Is the Paramount haunted?
Published 10:12 am Thursday, October 29, 2009
During the Halloween season, haunted houses are a dime a dozen.
People can’t seem to help themselves. The truth and myth of Halloween are so tightly woven together that you need several new shows from the History Channel each year to disseminate them all.
Plus, it’s just plain fun to not only tell a story that takes place on a dark and stormy night, but to hear them. To willingly take that feeling of fright upon yourself.
Which brings up the subject of this particular haunting: Does the Paramount Theatre have a ghost?
Manager Scott Anderson thinks it does and the historic, aged theatre has even made the pages of the book, “The Nearly Departed: Minnesota Stories and Legends.”
“I believe there is a ghost here,” he said Tuesday.
Before we go much further however, we need to dip into belief vs. skepticism, subjects entwined with one another and seen weekly on shows like the SyFy Channel’s Ghost Hunters and Ghost Hunters International.

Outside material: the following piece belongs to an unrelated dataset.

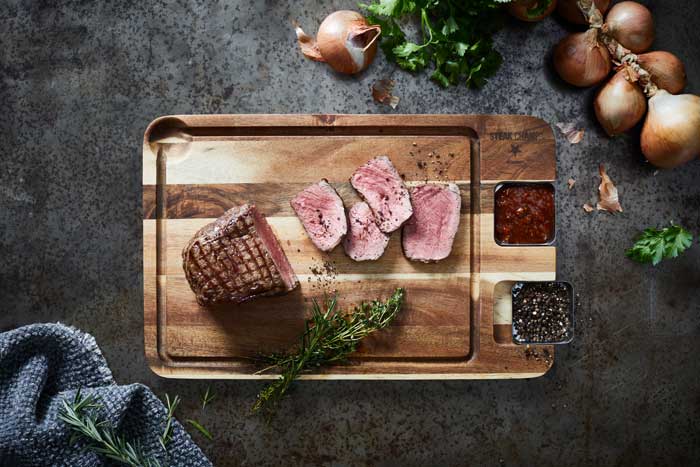 Rózsaszínre sült, szeletelt steak akácia tálalódeszkán, mártásokkal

Largely, the idea of something being haunted comes down to personal beliefs in the paranormal and possibly life after death. If you don’t have the latter, it’s hard to believe in the former.

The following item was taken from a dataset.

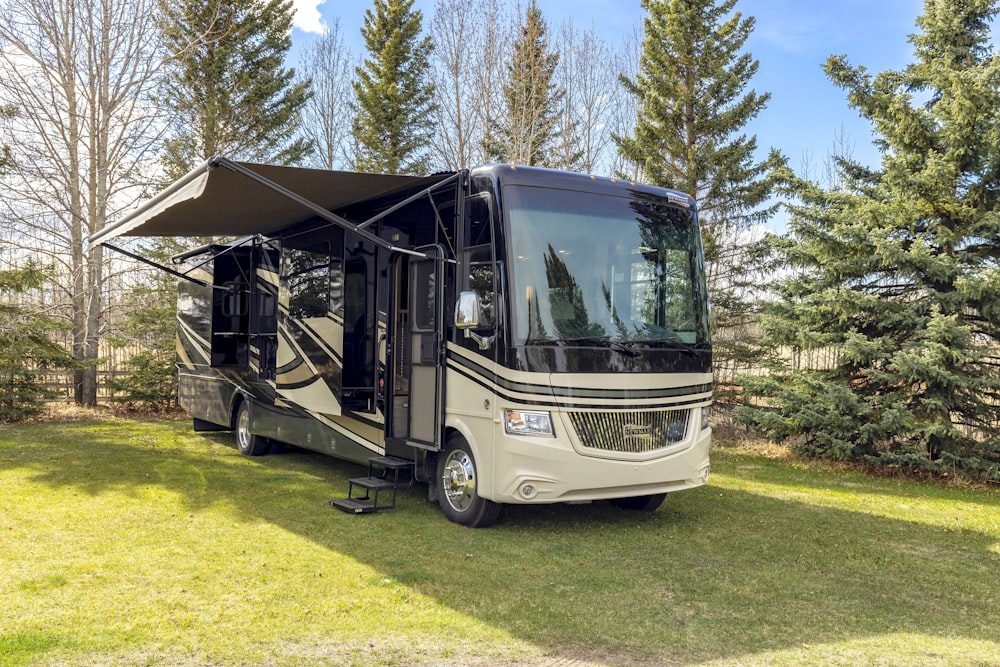 a motor home parked in the grass near some trees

The line between belief and skepticism becomes blurred when the first and possibly biggest hurdle is approached. Proof.
Much of what paranormal investigators claim to catch in pictures, video, or audio recorders can in some way be questioned. It’s the major problem in paranormal investigation.
There is no tell-tale way, no absolute way, to prove ghosts exist. Generally, you are forced to believe a person who has experience in the field, for whatever that’s worth because again, those who study this area tend these days to not be scientists.
With that in mind, you inevitably have to place a certain amount of trust in those who say a place is haunted. Sometimes, though, conviction in what a person has experienced is enough, and Anderson is no different. He doesn’t hesitate to talk about the Paramount’s ghosts.
In his time as manager of the Paramount Anderson has heard stories and had his own experiences. Nothing so fantastic as you might see in a horror movie, but experiences all the same that make you question what is out there.
Anderson isn’t a recent convert to the paranormal having already had an experience with his wife Janet before the two were married.
It happened when the two were getting ready for bed one night when Anderson rented an old farmhouse with some friends. The friends were in town on the bar scene leaving Scott and Janet in the house alone. It began almost as soon as the lights went out.
“We were alone in the house with two dogs and I remember sitting up and hearing very deliberate footsteps on each step,” he describes, pounding his fists on the desk to replicate the sounds of that night. “I mean, what was that. We knew no one was here.”
“We’re reasonably smart folks, and we do not make this stuff up,” he said.
Now, on to the Paramount. Anderson’s first hand experience in the matter came late at night when he was doing some work in the Paramount. Anderson places himself in the lobby.
“I’m an old rock and roller, so I was playing Steely Dan, and it was cranked way up,” he said. “I wanted to hear it in the lobby.
“Twenty minutes later I noticed that the sound system was barely audible. I went to the controller and noticed the volume was way down. I just turned around and said, ‘where are you. I know your there,’” he finished with a laugh.
It’s important to add, that on a soundboard, the sliders that control various sound components, can’t simply slide on their own. It requires a human hand to move them.
Anderson believes he has narrowed down who the haunting spirits may be. The first is the first manager of the Paramount, Karl Lindstaedt, when the old Park Theatre was rebuilt into the Paramount in the late 1920’s.
The second option is projectionist George Dorin, who worked at the Paramount in the early 30s.
It was with relatives of Dorin that Anderson was part of a second experience. He was with two cousins, great-granddaughters of Dorin, who were visiting the place that Dorin loved.
While talking with Anderson, both ladies took pictures, one with a digital and another with a film camera. When the woman with the digital looked at her picture of the moving clouds on the ceiling, she commented about a moon.
There is no moon that’s part of the projected clouds, so Anderson asked to look at the picture and seeing what many in the paranormal field describe simply as an orb, mentioned it must be the ghost of their great grandfather giving them a sign.
It passed until they were making to leave, and one of the women asked Anderson what he meant by the ghost.
There are other stories surrounding the paramount witnessed by several people over time including a bar manager who witnessed a freely spinning barstool, an apparition in a picture and the marquee that came on after it was turned off.
Does it bother Anderson that the Paramount may be haunted?
In all the stories of apparent paranormal activity there has never been reports of malicious actions. Anderson thinks he understands why they are still here.
“They loved the Paramount, like a lot of people do,” he said. “I think it’s pretty cool that they’re here.”